Fue despedido con indudable afecto por muchos de los personajes y de los más contrarios pelajes que había tratado. Si algo supo hacer en su vida, desde luego, labrar amistades.

Volvió a Estados Unidos y ya permanecería allí hasta el final de sus días. Murió en 1859, escribiendo, entre otras cosas, la biografía de su siempre admirado George Washington, a quien debía su propio nombre. Su entierro fue un verdadero día de luto nacional, aunque tampoco estuvo exento de críticas. Algunos le acusaron, como el escritor James Fenimore Cooper, creador de El último mohicano, de haberse «europeizado» en exceso y Edgar Allan Poe no lo consideraba merecedor de ser considerado tan excelso como autor.

Los escritores sí tenemos que agradecerle algo. En la reimpresión de varias de sus obras en Nueva York, hizo incluir una cláusula en su contrato que establecía que como autor habría de cobrar un 12 por ciento de lo obtenido por la venta de sus libros. O sea, nuestros famosos derechos de autor. 

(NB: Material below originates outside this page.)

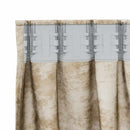Velour Gardiner med gardiner 2 pcs Creme 245 x 140 cm Fløjl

España, Granada y la Alhambra tienen también una deuda impagable. Fue nuestro mejor embajador y, en los tiempos que oficialmente desempeñó ese cargo, no dejó de interesarse por que aquel lugar tan especial se preservara y se cuidara de la mejor manera posible. Desde luego bien puede decirse que contribuyó muy decisivamente a salvarla. Así lo atestigua su estatua que en el bosque del recinto lo recuerda. También lo hacen otras por diferentes lugares y tres rutas turístico-culturales que ahora reproducen las suyas por toda Andalucía.